*Information:*
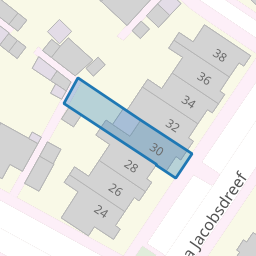 Perceel VAN00-B-5572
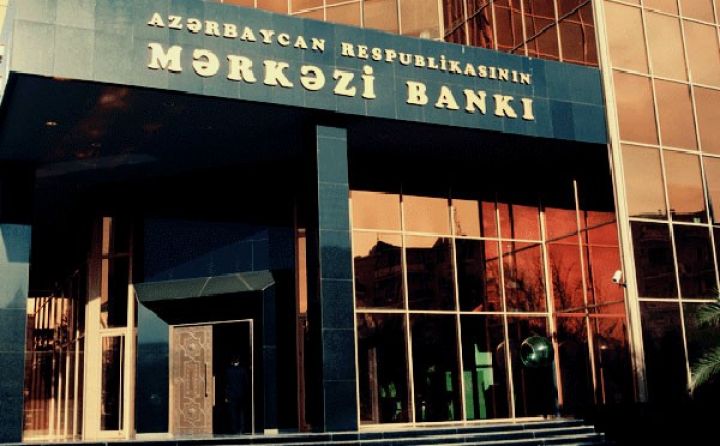 150 milyon manatlıq notlar buraxır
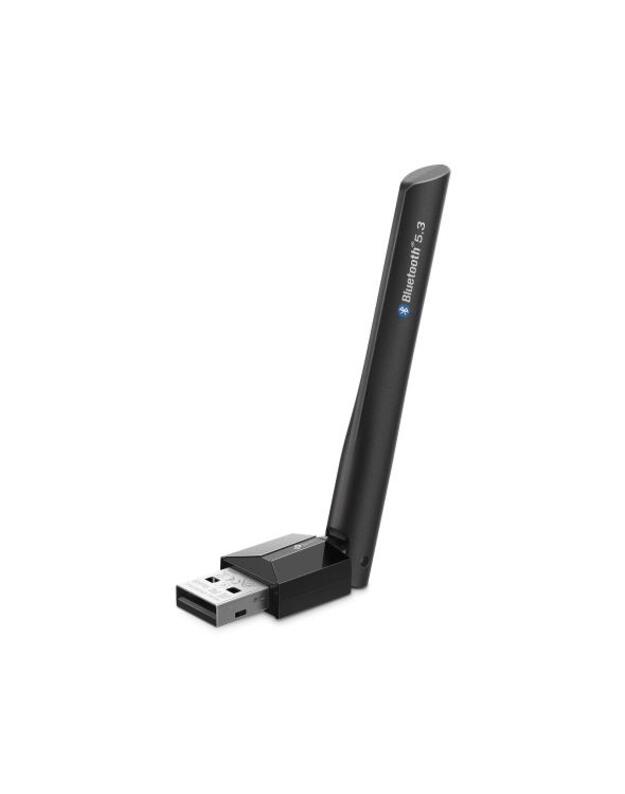 WRL ADAPTER BLUETH 5.3/UB500 PLUS TP-LINK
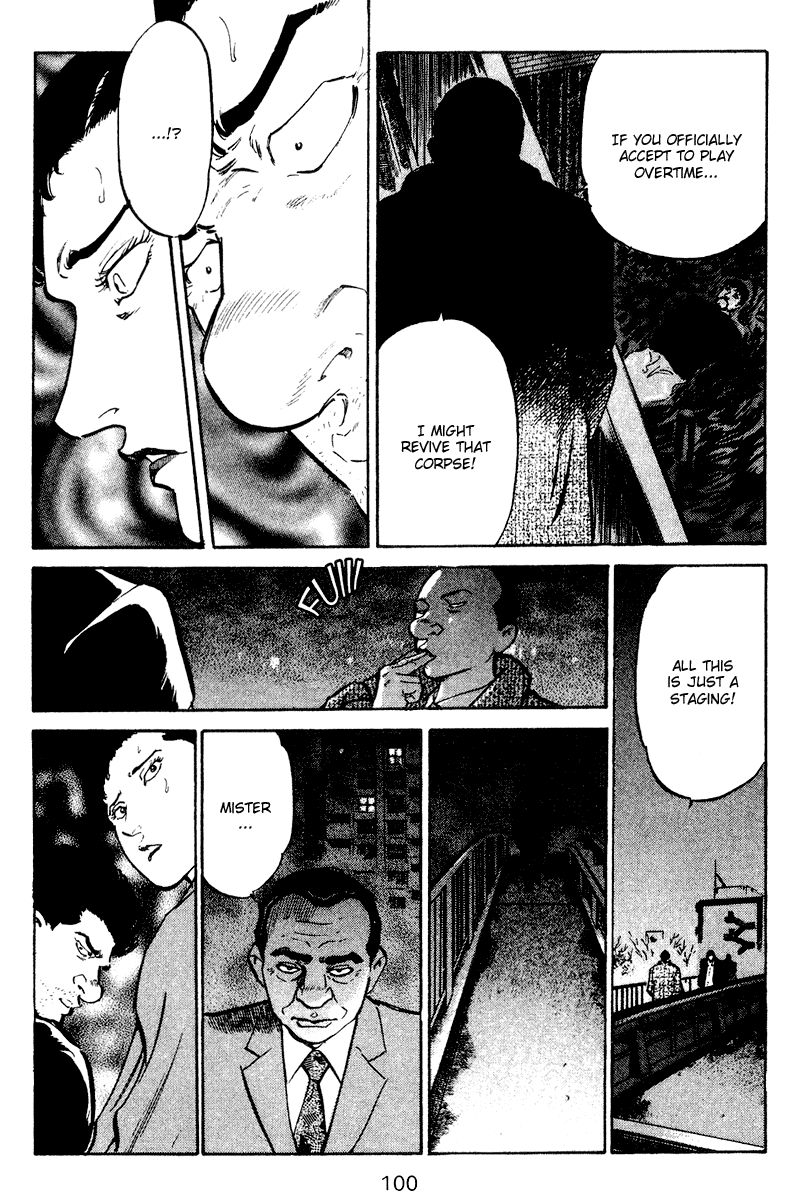 Old Boy Chapter 54 page 18 - Chapter 54 v2
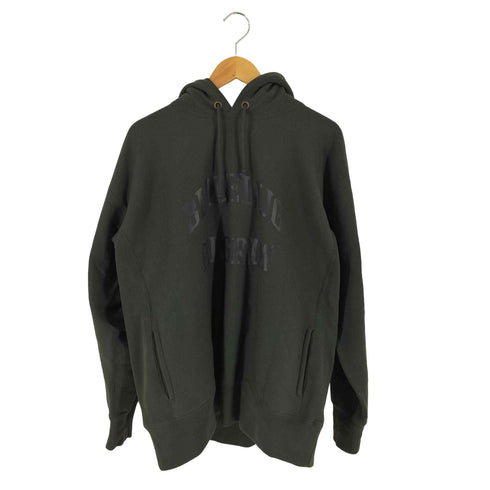 チャンピオン Champion Reverse Weave 両面プリント メンズ import:XL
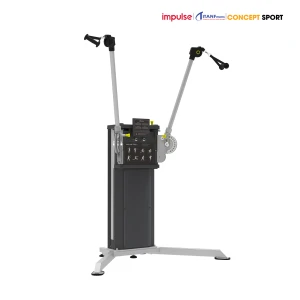 Máy tập đa năng Impulse HSP-PRO001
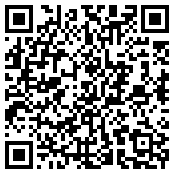 QR Code for University of Colorado At Boulder Law School of Admissions and R in Boulder, CO 80301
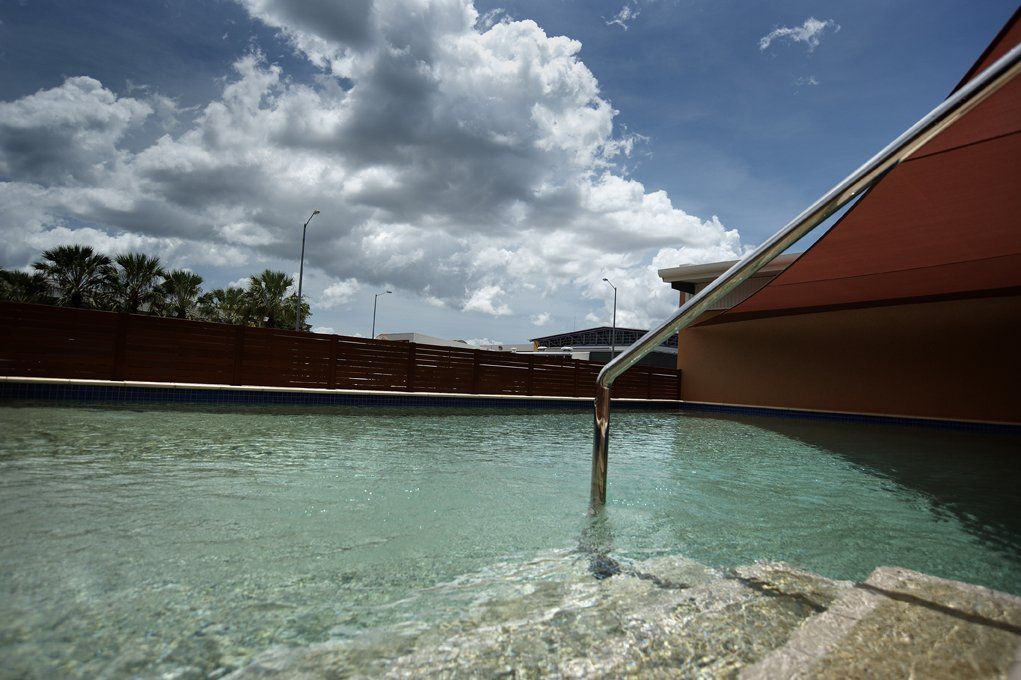 Humpty Doo NT Accommodation Batemans Bay
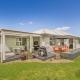 Holiday Haven - Whitianga Holiday Home - Fotografie 1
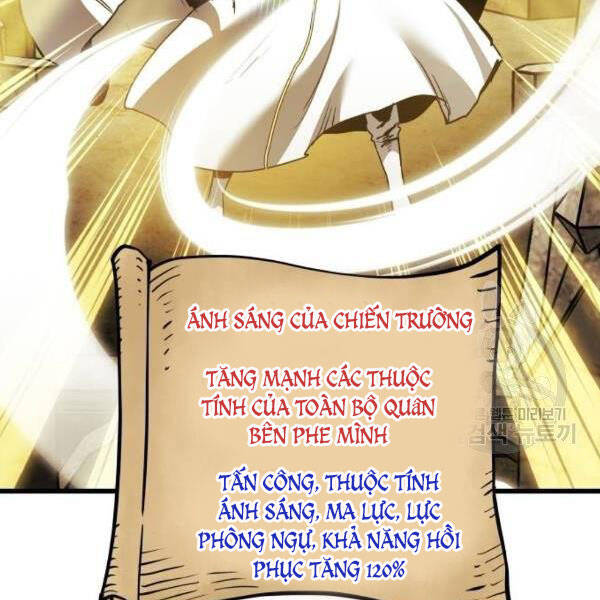 Chiền Thần Tự Sát Hồi Quy Chapter 39 - Trang 2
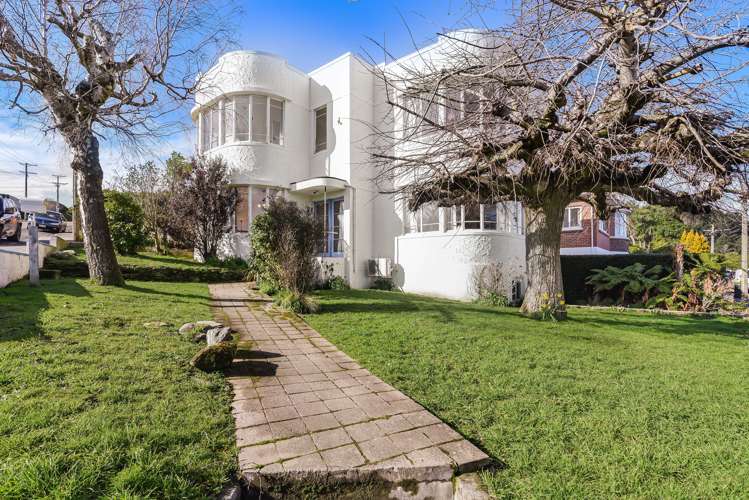 90 Signal Hill Road Opoho_15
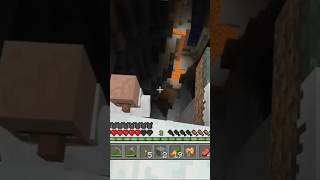 Trayaurus DIES MiniTDM DanTDM minecraft gaming memes mcyt xboxone dantdm drtrayaurus [upl. by Itsrik]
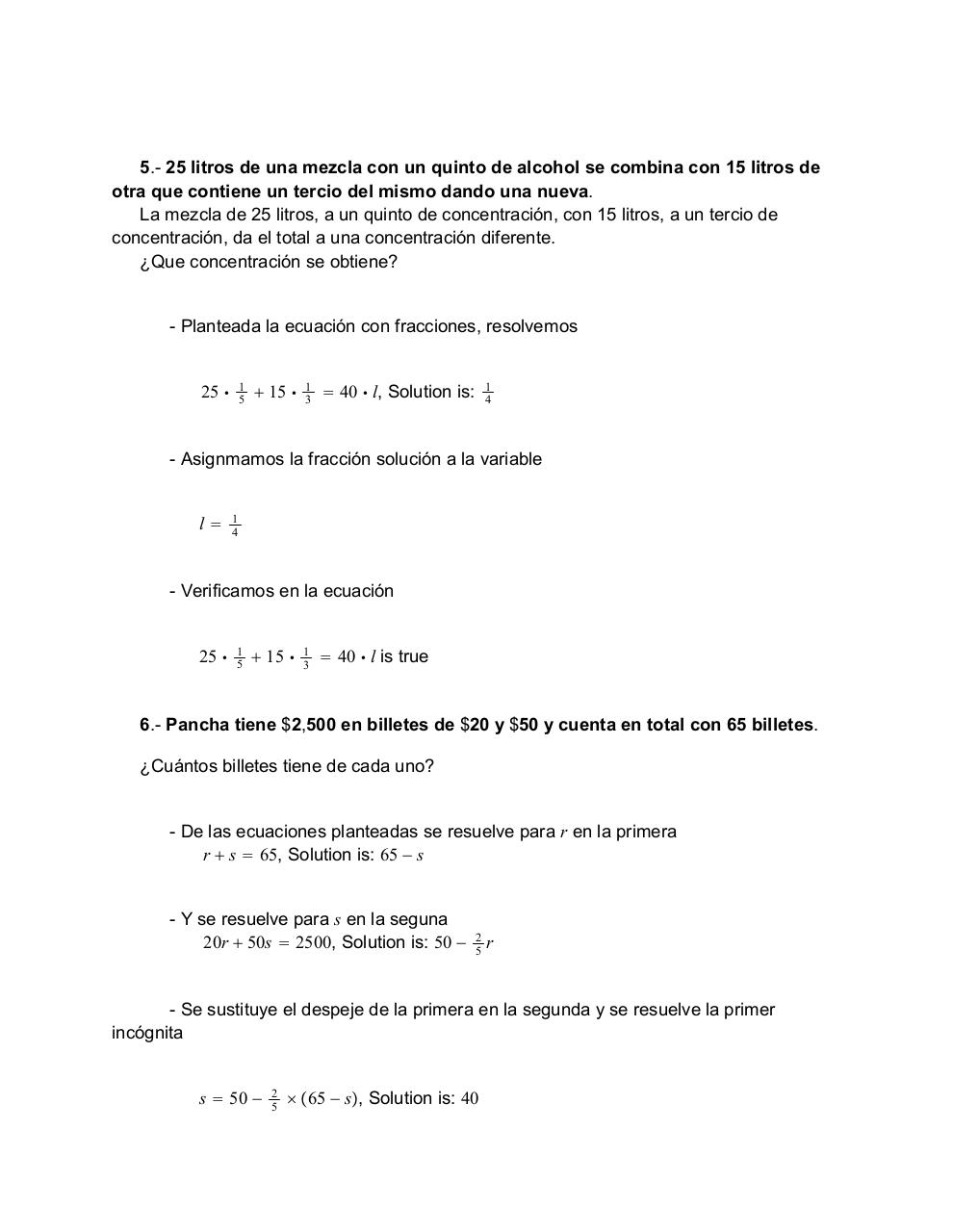 Vista previa del archivo PDF texto-matematico.pdf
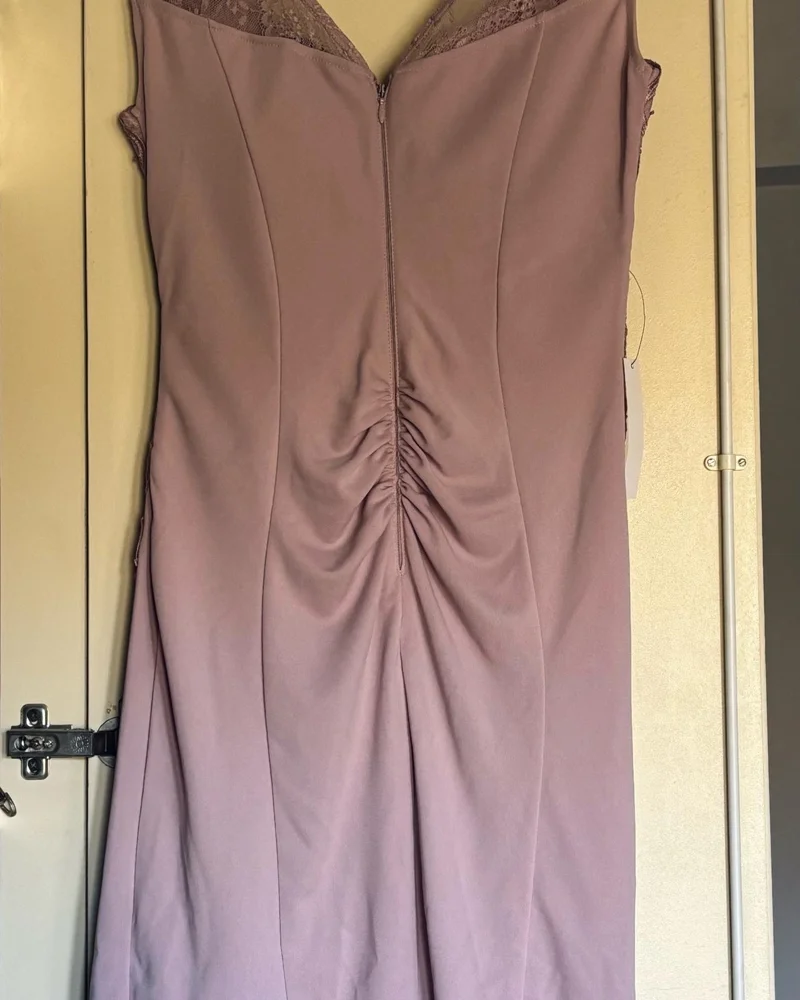 Lipsy Party Dresses, size M / 38 / 10, photo 5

*Your objective:*
Transcribe exactly the lines from the one holding "Humpty Doo NT Accommodation Batemans Bay" through the final line of the material above, both ends included; any pictures should be dropped.

*Solved exercise:*
 Humpty Doo NT Accommodation Batemans Bay
 Holiday Haven - Whitianga Holiday Home - Fotografie 1
 Chiền Thần Tự Sát Hồi Quy Chapter 39 - Trang 2
 90 Signal Hill Road Opoho_15
 Trayaurus DIES MiniTDM DanTDM minecraft gaming memes mcyt xboxone dantdm drtrayaurus [upl. by Itsrik]
 Vista previa del archivo PDF texto-matematico.pdf
 Lipsy Party Dresses, size M / 38 / 10, photo 5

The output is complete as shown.